You can only buy one gun every two years. Any more would be fraud. People will try to prove that you bought guns in several counties even if you stand in one line all day, and the courts will take them seriously.
It is illegal to be given food or water waiting in line to buy a gun. You have to be registered to buy a gun and those rolls get purged every 15 minutes.
Unless you showed up to buy a gun within the last four years, you are removed from the registration rolls (maybe you didn’t actually buy, but you have to show up) If your name is different in two different government databases (say, one could support accents, another not) or your signature doesn’t match point-for-point with a different signature you made under different circumstances, you will be informed that you are ineligible to buy.
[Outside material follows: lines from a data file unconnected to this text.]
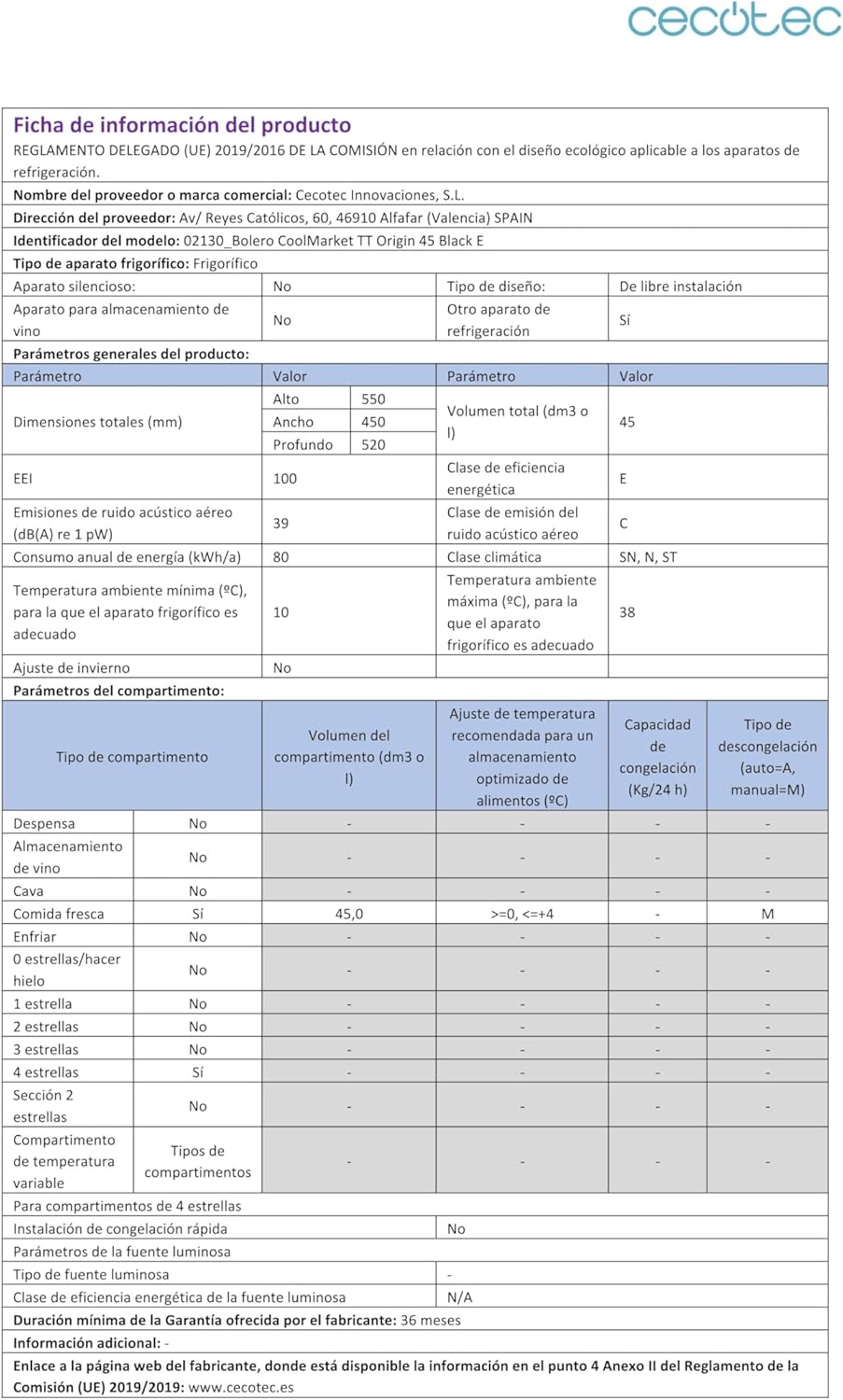 Cecotec - Bolero CoolMarket TT Origin - 55x44,7cm - mini frigo, classe E, bac à glace, poignée chromée
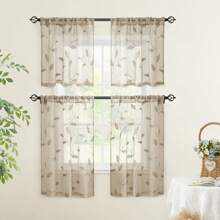 2入組帶刺繡葉子圖案的灰褐色半透明窗簾，帶口袋假麻布花卉半透明窗簾，適用於廚房窗簾，臥室客廳掛布 - Taupe - 查看 8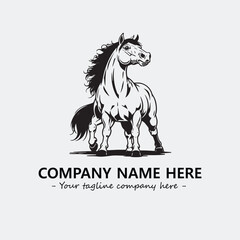 Horse illustration black and white for logo company vector image
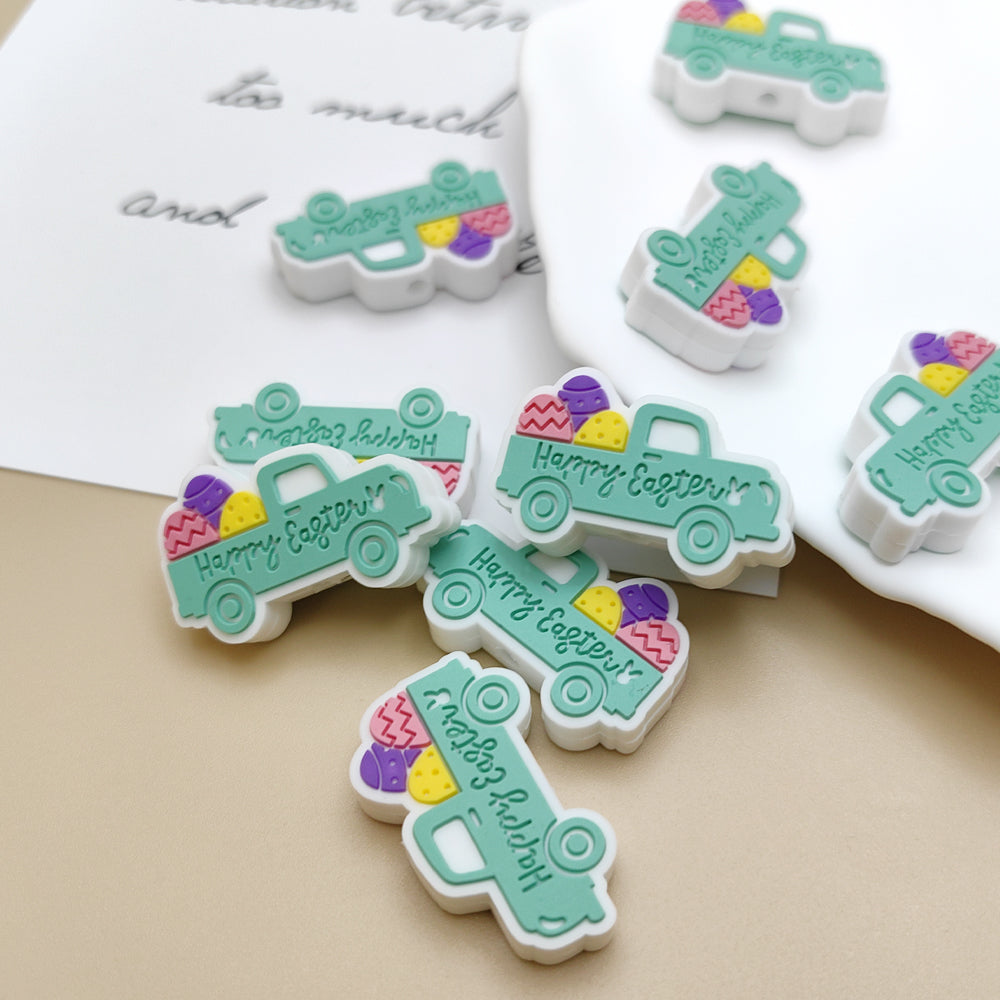 Wholesale 10pcs Cartoon Easter Cars Focal Beads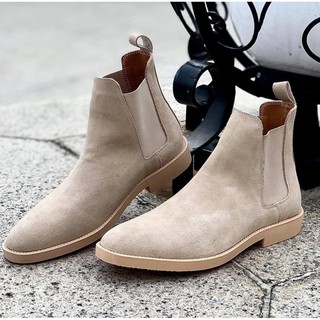 Giày Chelsea Boots nam SN06 màu Tan cao cổ da lộn thời trang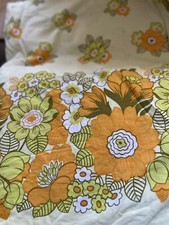 Set Aussteuer Bettwäsche von Oma Retro True Vintage Bunt orange 70er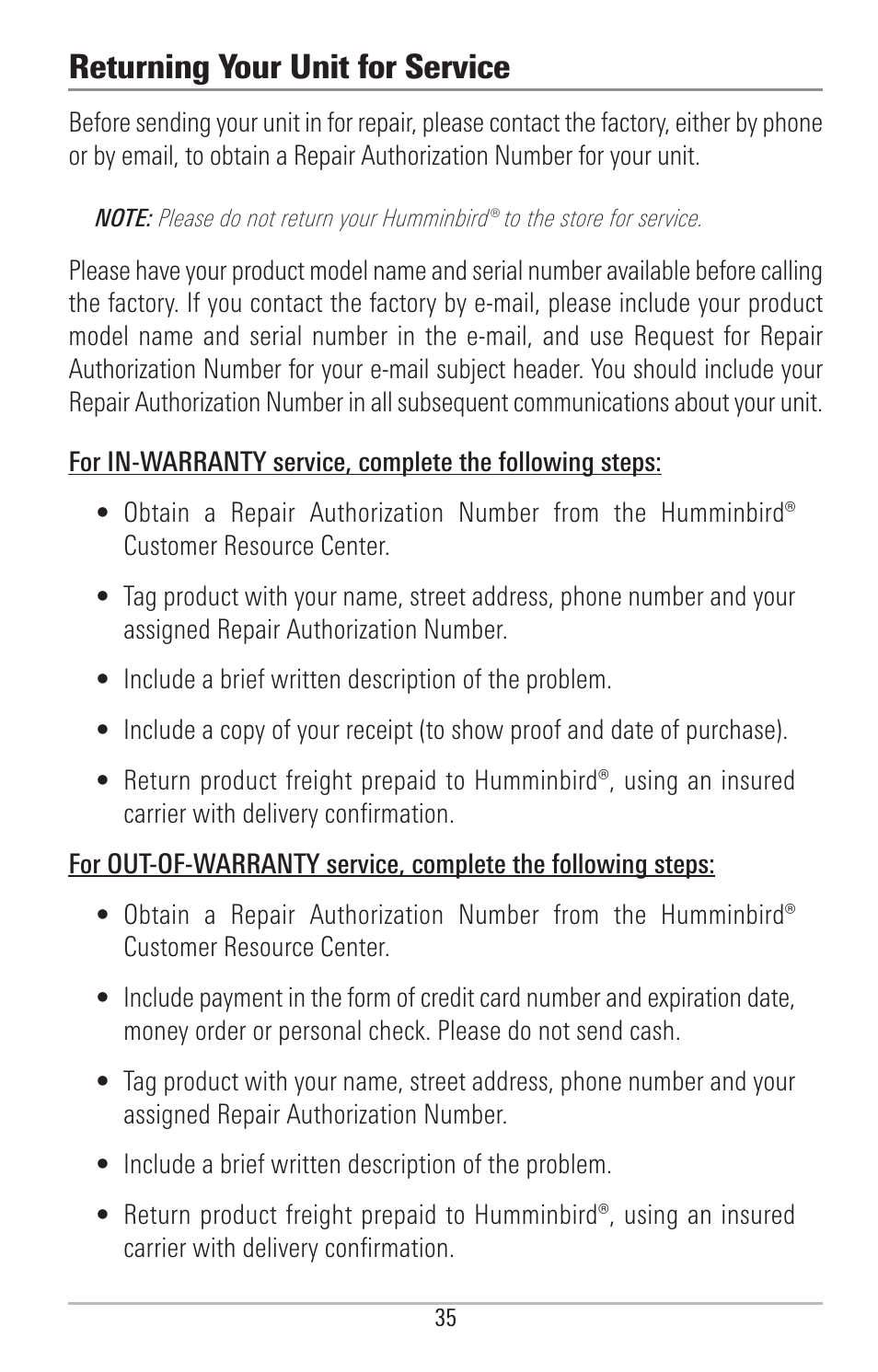 Returning your unit for service | Humminbird PIRANHAMAX 190CPT User Manual | Page 41 / 44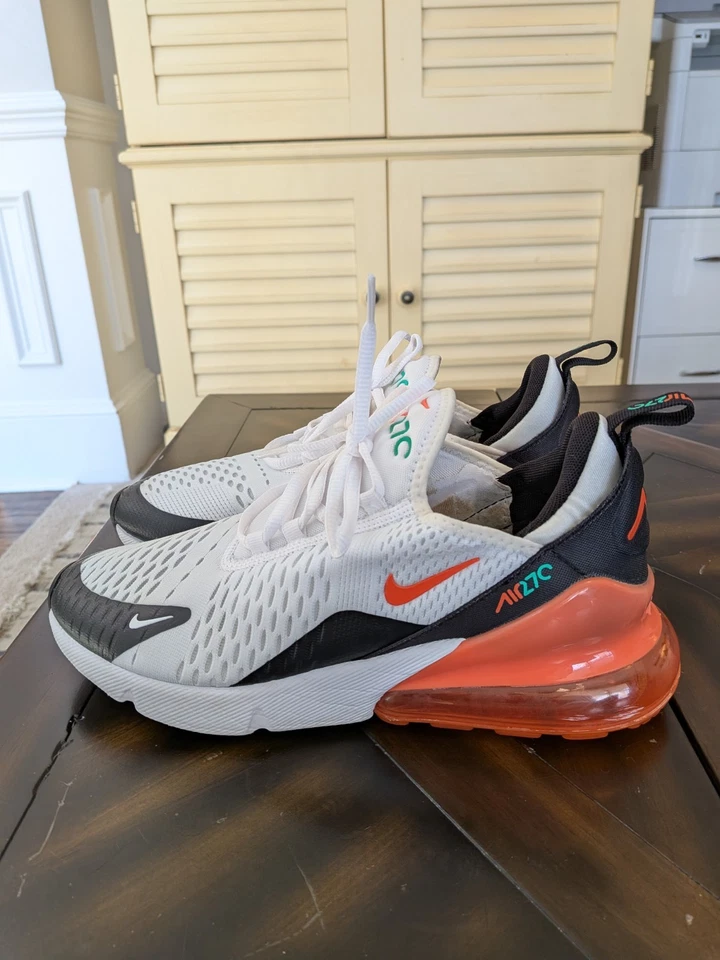  Nike Air Max 270 GS tamanho 7Y/feminino 8.5 branco/laranja relvado 943345-107 - Imagem 1 de 4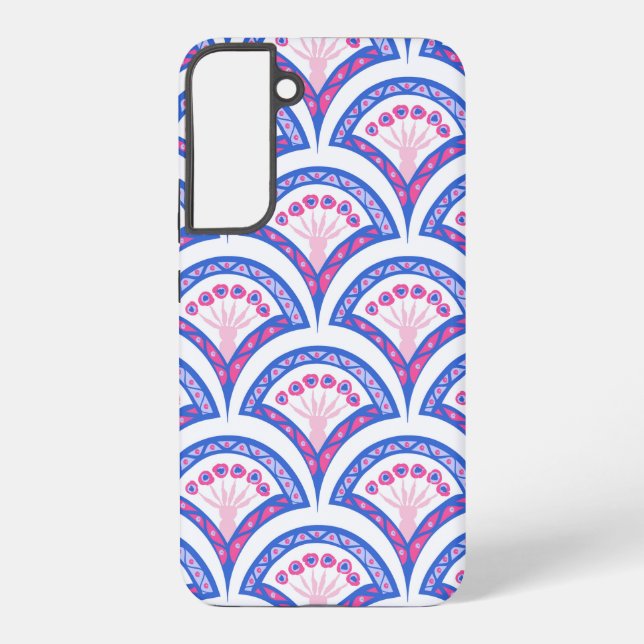 blue floral damask pattern  samsung galaxy case (Back)
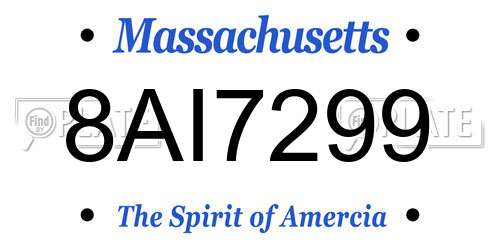 8AI7299 Massachusetts License Plate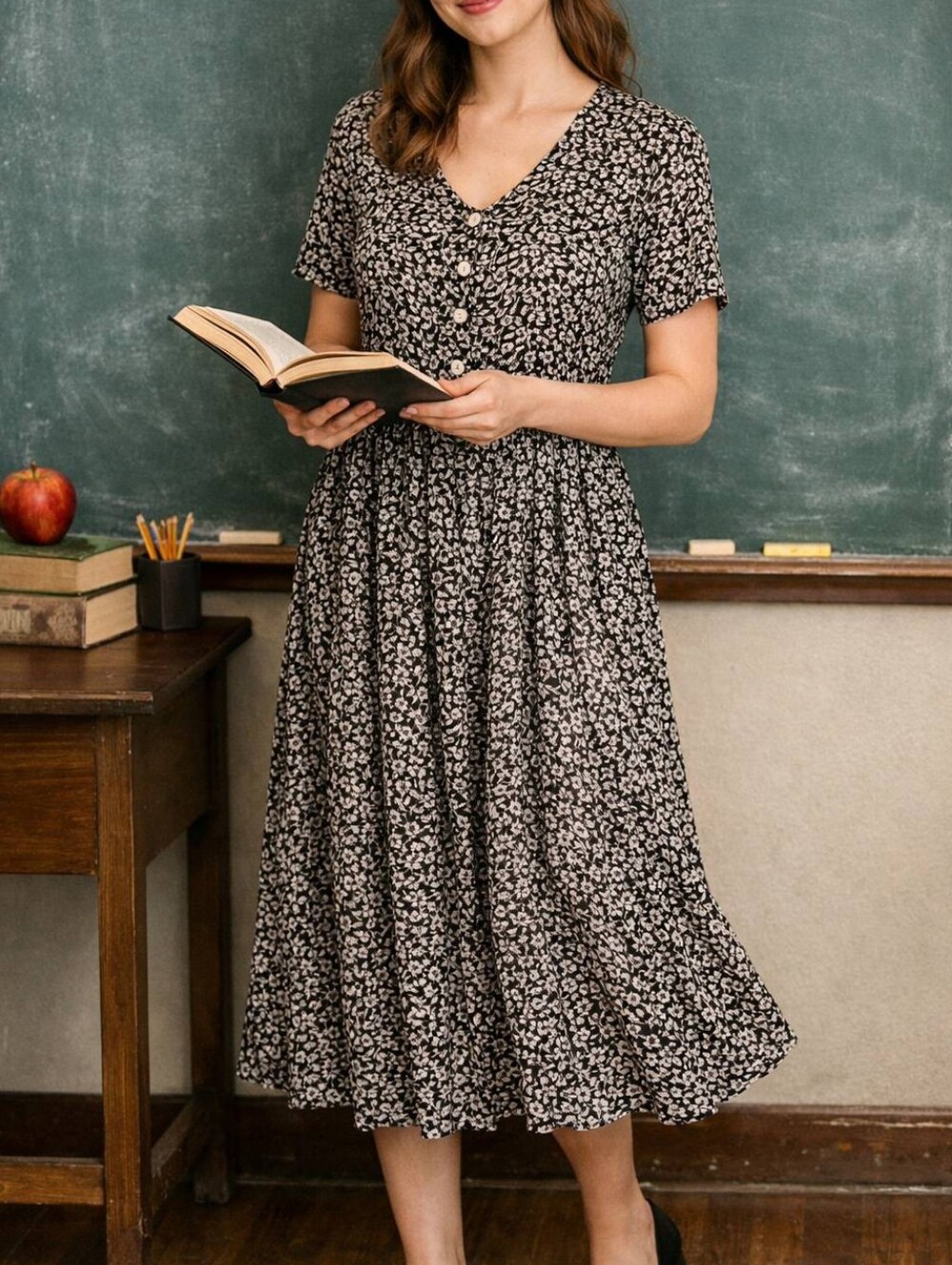 Jennifer Eden Black White Floral Cottagecore Dress Large VTG Teacher Miss Honey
If you carpooled to the gun purchase place, you’re banned because they’re busing you in from another district.
Of course, the problem is with all these “guns are easier to get than voting” analogies is that the same people who have no troubles walking into a store are the same ones who have none of these issues with voting. These folks proudly posing with their AR-15s and Glocks, boasting about how it makes them so much more, about their FREEDOM, have never had to stand in line for ten hours or been forced to do more than flash a DL when going in to vote. They’d be quite happy to see similar rules applied because those rules would never affect them. They’d continue to buy their guns quite happily and easily… and they’re the ones most likely to use them against the rest of us.
Not an authoritative source, but a Canadian friend who collected handguns said there is a “personal protection” handgun license in Canada. But it’s vanishingly rare for one to be given. The only one he’d heard of was Pierre Elliot Trudeau, during the FLQ crisis.
Requires source, and my google-fu is weak today.